Last fall, Portland Transport considered the question of whether or not TriMet could become a free (or nominally-priced) service. Right now, the Farebox Recovery Ratio of the TriMet system in aggregate is about 25%, and last fiscal year fares provided nearly $100 million of TriMet’s overall operating budget.
This discussion occurred right after TriMet first announced that it would be having major budget issues for FY2013. Since then, the announced service changes have been ugly, with fares going up, and service going down; and TriMet suggests that more will come next year, even if the economic recovery continues–a state of affairs TriMet blames on its current labor contract.
However, as noted in the open thread, another Oregon transit provider recently switched to providing free service. That agency is the Corvallis Transit System.
CTS, as the name suggests, provides public transportation services for the city of Corvallis, OR. Unlike TriMet, which is an independent transit authority organized under ORS 267, with a board appointed by the governor, CTS is a department within the City of Corvallis. While being a municipal department puts CTS at somewhat greater risk of being a political football (it is subject to the whims of Corvallis’ city council), as a department within a city it has a wider array of taxation options at its disposal. Whereas TriMet is statutorily limited to the payroll tax as a source of tax revenue, and it can only change the levy within parameters approved by the Legislature, the City of Corvallis has plenary taxing power. And recently the council voted to end the collection of fares on CTS, converting it to a free service. Transit service is instead funded with a Transit Operations Fee levied on homes and businesses, with the average household paying about $30 per year. Not per month, per year.

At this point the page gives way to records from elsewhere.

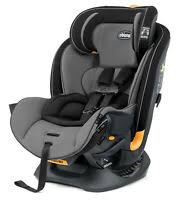 What i mean by that is that they. Chicco Nextfit Zip Cabrio Kindersicherheit Baby Autositz Carbon Neu Ebay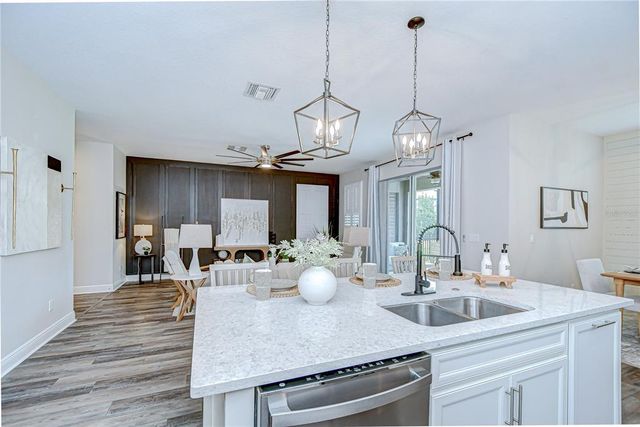 4438 TUBULAR RUN, Land O Lakes, FL 34638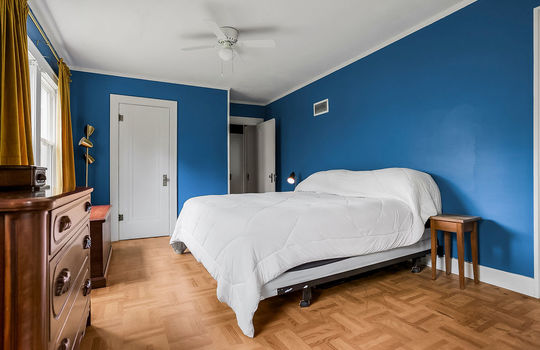 1017North25thStreet21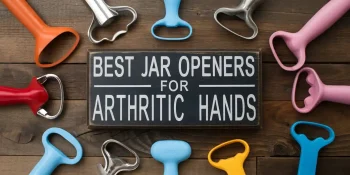jar openers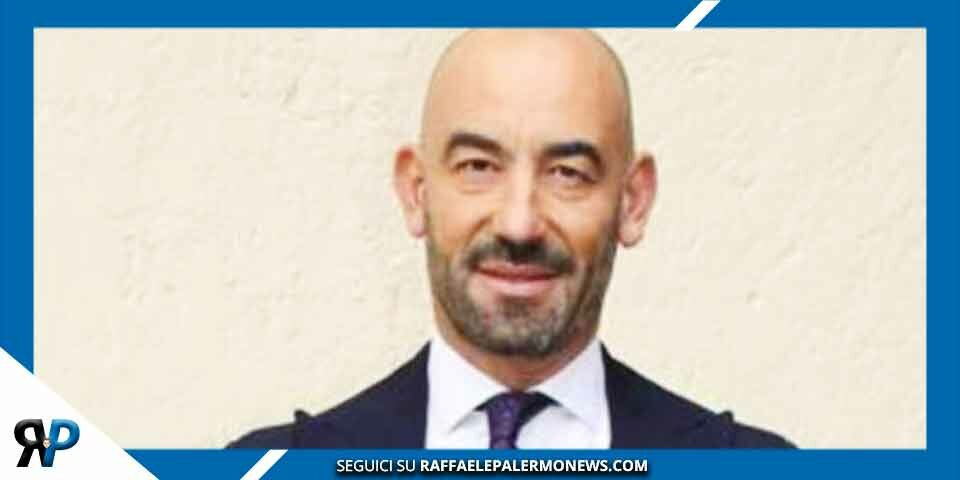 Bassetti: “A luglio bella fetta d’Italia in lockdown”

Corvallis itself is a college town in the mid-Willamette Valley, with a full-time population of about 55,000 residents, many of which are students at Oregon State University. Not surprisingly for a mid-sized college town, the demographics are dominated by degreed professionals and college students. While OSU has long been regarded as the more conservative of Oregon’s public universities, the city is quite progressive. According to the US Census Bureau, Corvallis has the highest percentage of bicycle commuters in the United States. The city is quite compact and flat (and is a good place to ride), and also offers numerous recreational cycling opportunities in the surrounding area.
CTS operates 12 bus routes, with eight urban circulators, running at hourly or half-hourly frequency, and 4 peak-hour commuter routes. Service on the non-commuter routes is provided for about 13 hours a day, from approximately 7 in the morning to 8 in the evening, with the “Beaver Bus” running evenings on Thursdays to Saturdays to haul drunken students around. :) Service is provided on Monday through Saturday; no service is provided on Sundays. The 8 regular routes run on either hourly or half-hourly frequencies. CTS contracts out operations to First Student, a private bus operations company. (Previously, CTS contracted with Laidlaw, but the latter company was acquired by and merged with First Student several years ago). CTS drivers, like TriMet drivers, are represented by Amalgamated Transit Union local 757, and are having their own fights over health-care benefits.
A more detailed comparison of TriMet and CTS is appropriate. (For those who want to consult the National Transit Database, CTS’s code is 0047, and TriMet’s is 0008.)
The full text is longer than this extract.